Instructions to follow: Could you transcribe exactly the lines from the one containing "Rude Packing Profile" through the last line of the records below, leaving out the pictures?

Data extract:

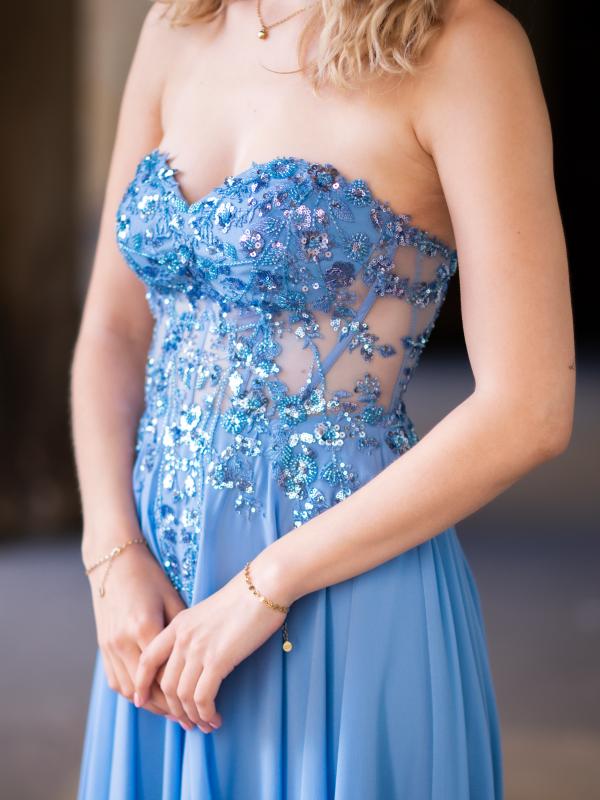 Abendkleid Karina, blau d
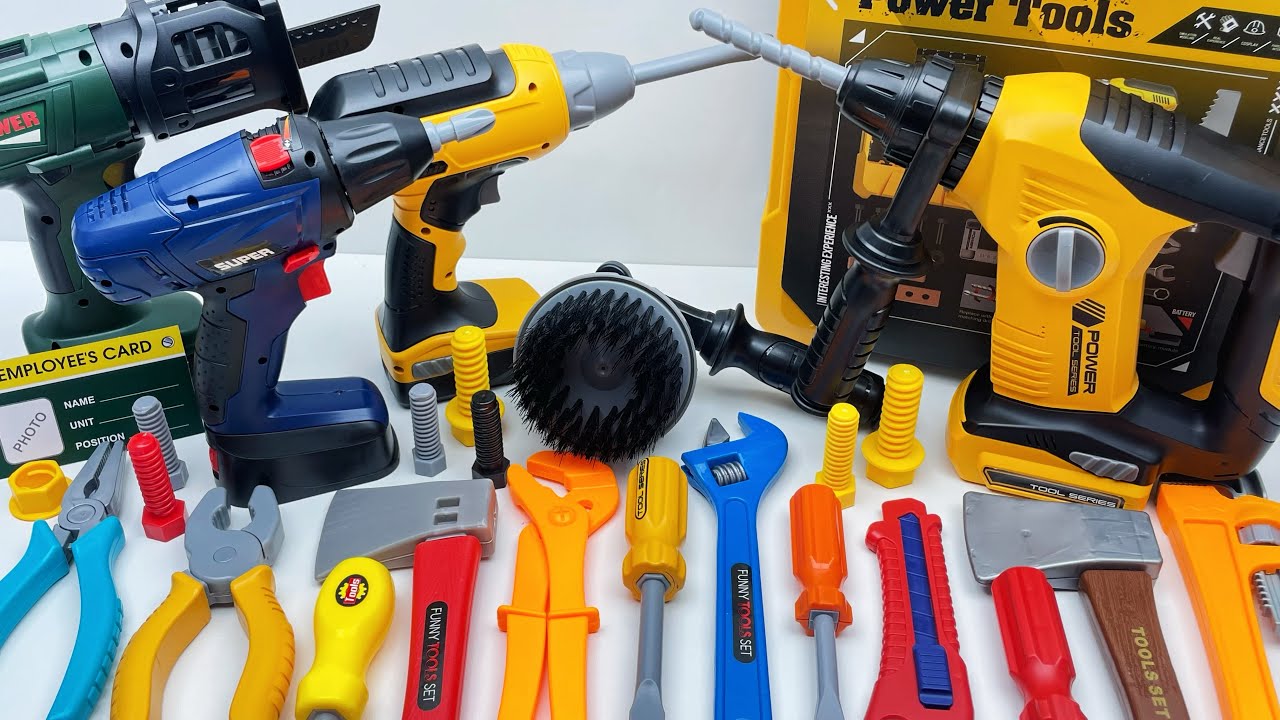 15 min to open the box, satisfied with the electric screwdriver, screw assembly toolbox | Toy Review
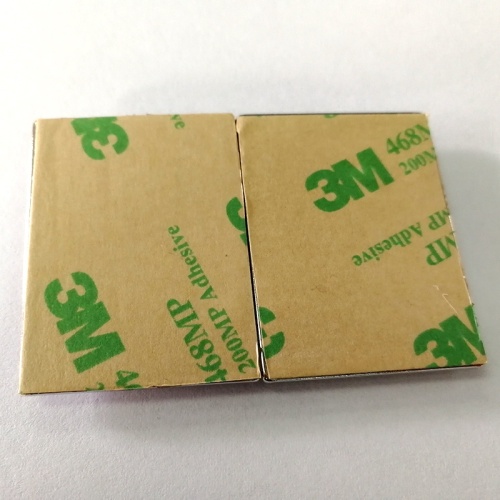 3M self adhesive backed thin rectangular block magnet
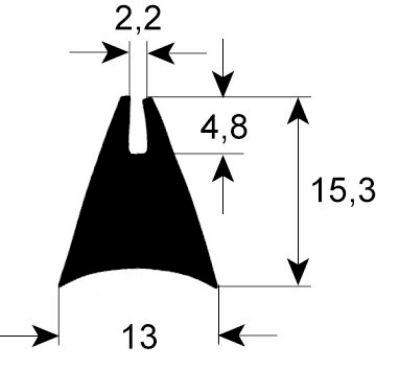 Rude Packing Profile 1640 B -MM L 2350mm IP - VPE 1 FITS - SCOPE -MM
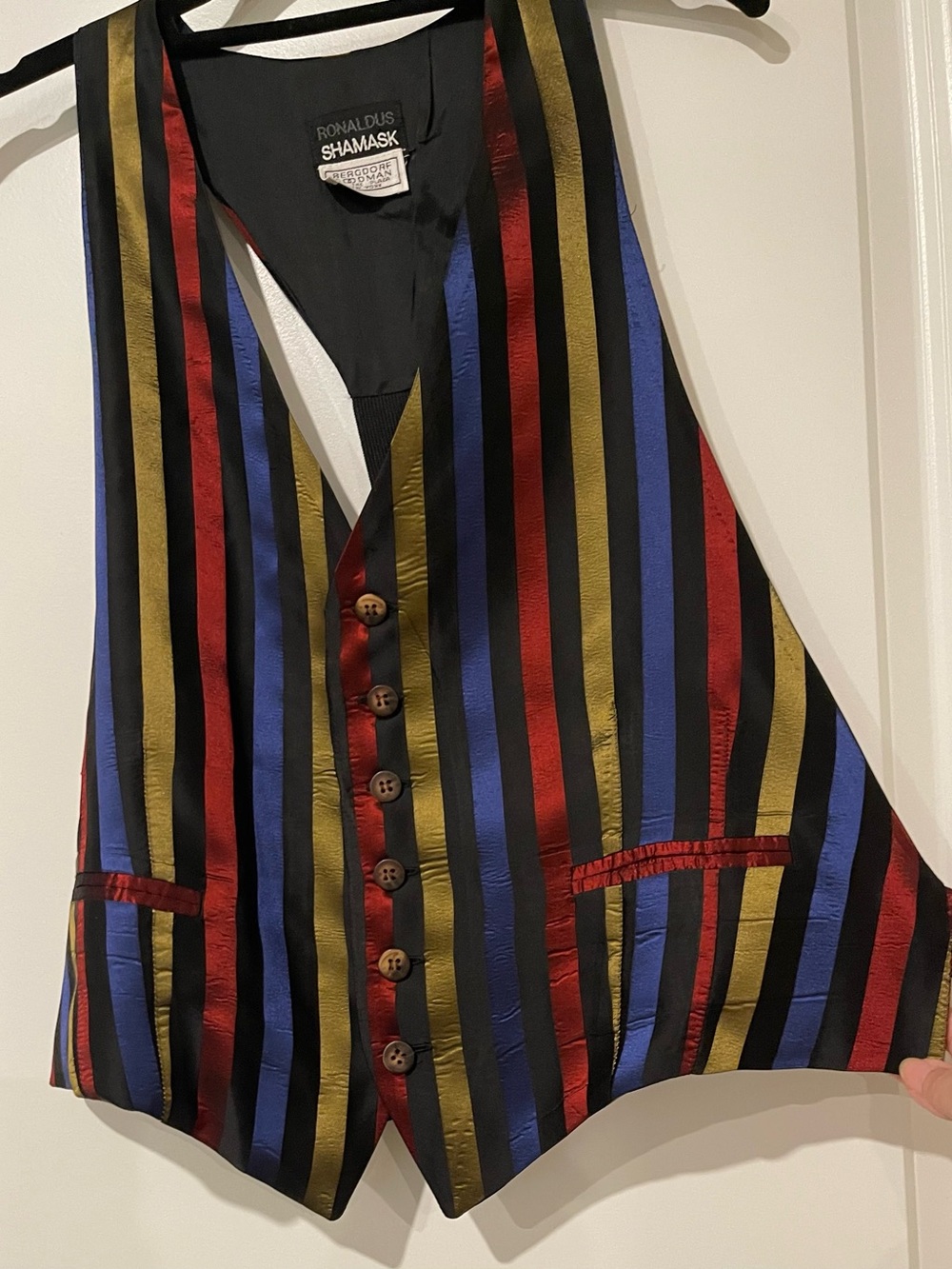 Ronaldus Shamask Satin Vest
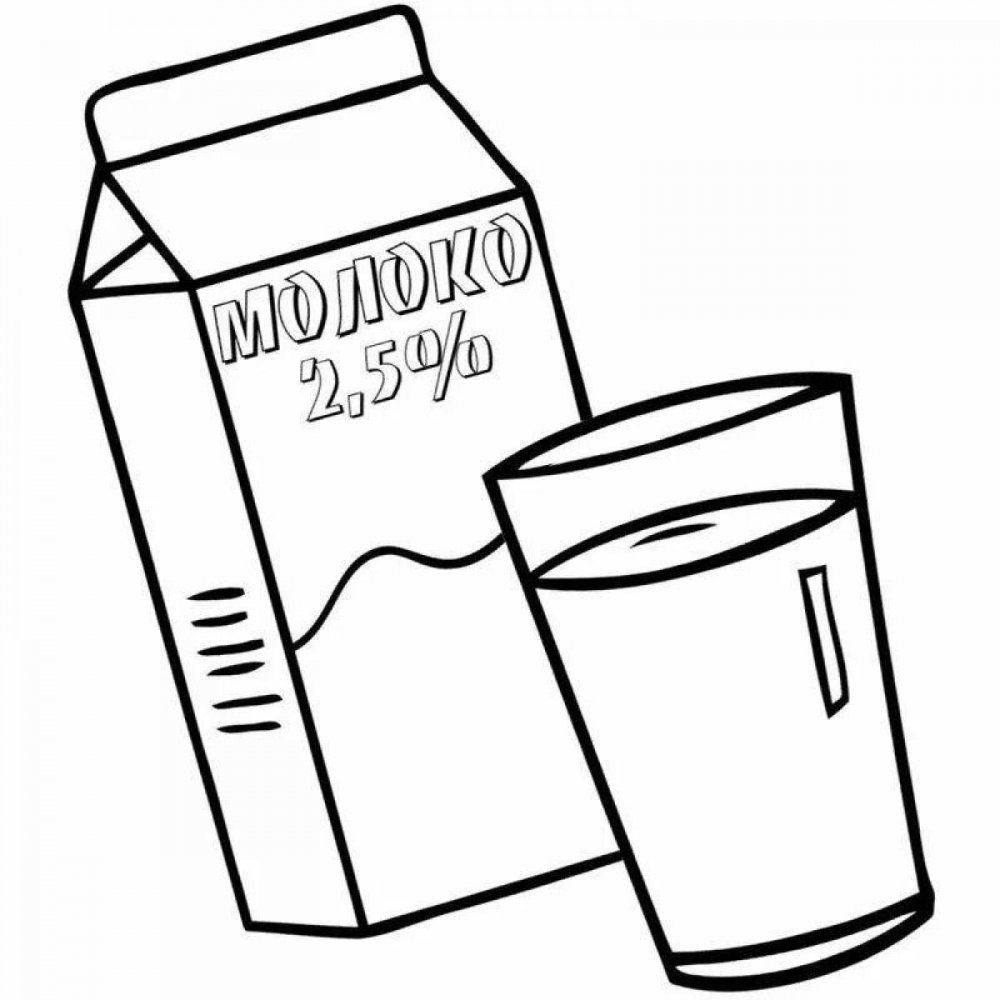 Иллюстрации для молочной продукции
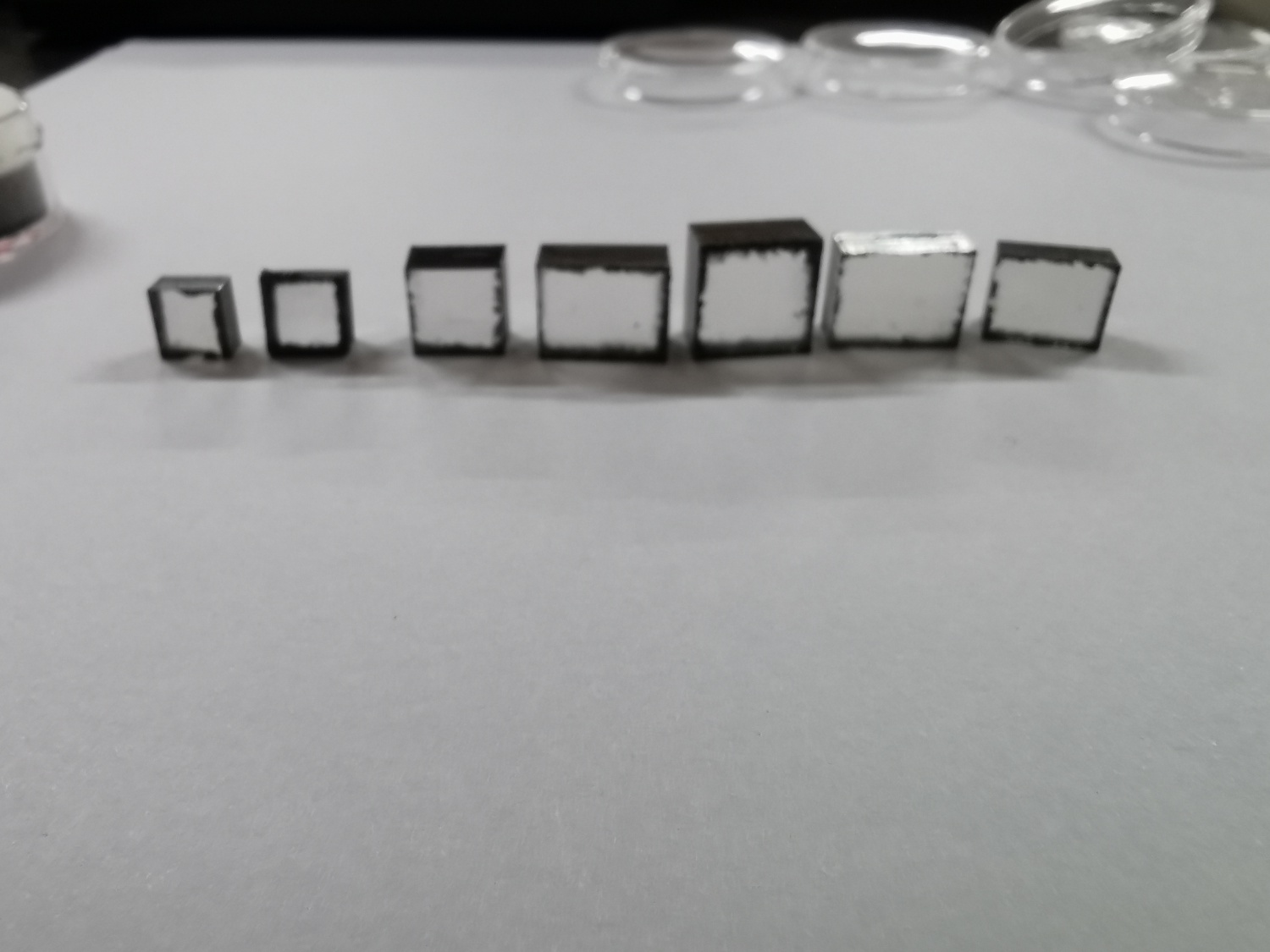 7x7x4.4mm 3.5-4ct  Diamante en bruto CVD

Answer area:
 Rude Packing Profile 1640 B -MM L 2350mm IP - VPE 1 FITS - SCOPE -MM
 Ronaldus Shamask Satin Vest
 Иллюстрации для молочной продукции
 7x7x4.4mm 3.5-4ct  Diamante en bruto CVD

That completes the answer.